(Web page caption snippets)
* * * * * * *
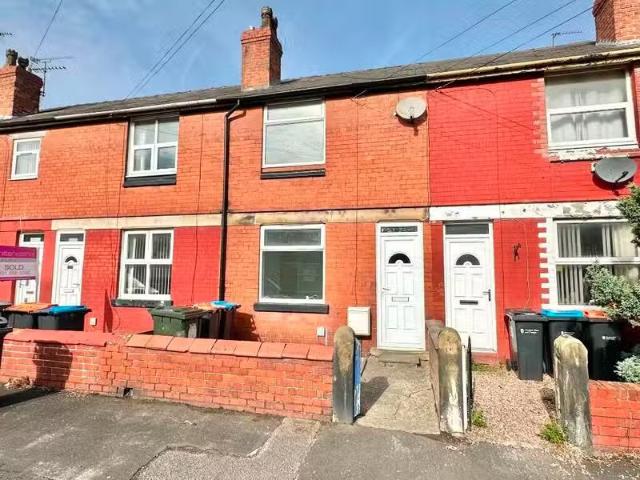 House for rent in Rossmore, Cheshire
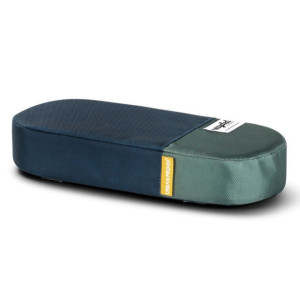 Urban Proof Backseat Pillow Vert/Bleu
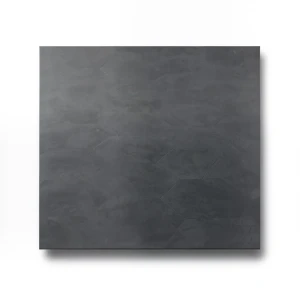 Spanish Porcelain Floor Tiles 48.5×56 cm Charcoal Matte, Atelier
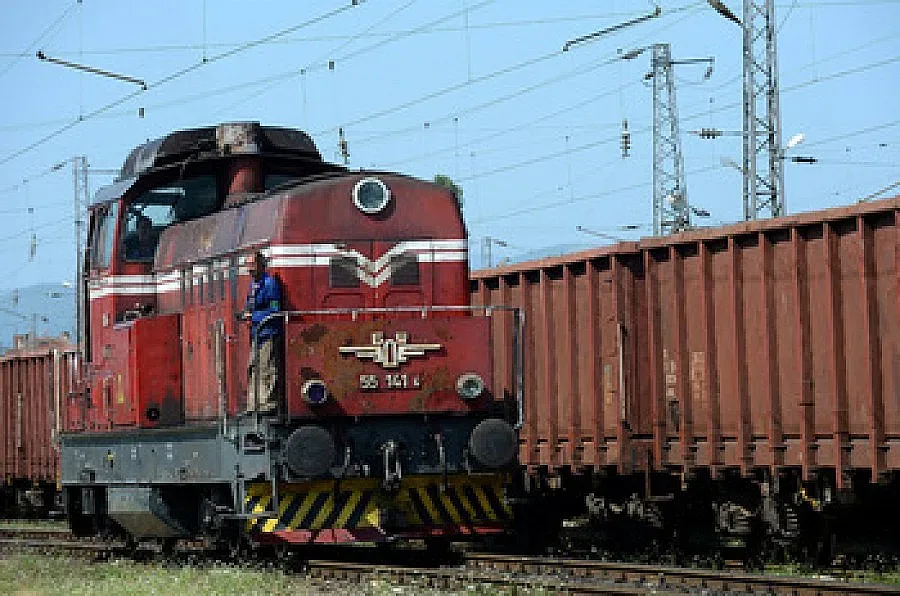 Руснаци искат БДЖ-Товарни превози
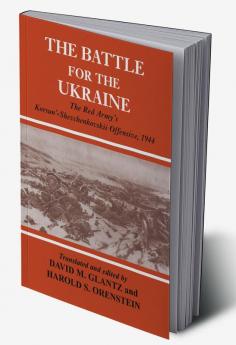Battle for the Ukraine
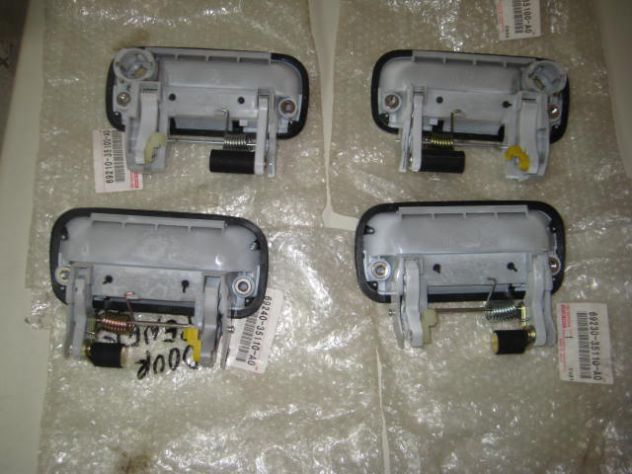 MANIGLIA PORTA TOYOTA 4RUNNER - Foto 3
* * * * * * *
> **WORK INSTRUCTIONS**: In the records above, find the line containing "Battle for the Ukraine", then please restate it and each line after it word for word, pictures excluded.

> **COMPLETED TASK**:
Battle for the Ukraine
 MANIGLIA PORTA TOYOTA 4RUNNER - Foto 3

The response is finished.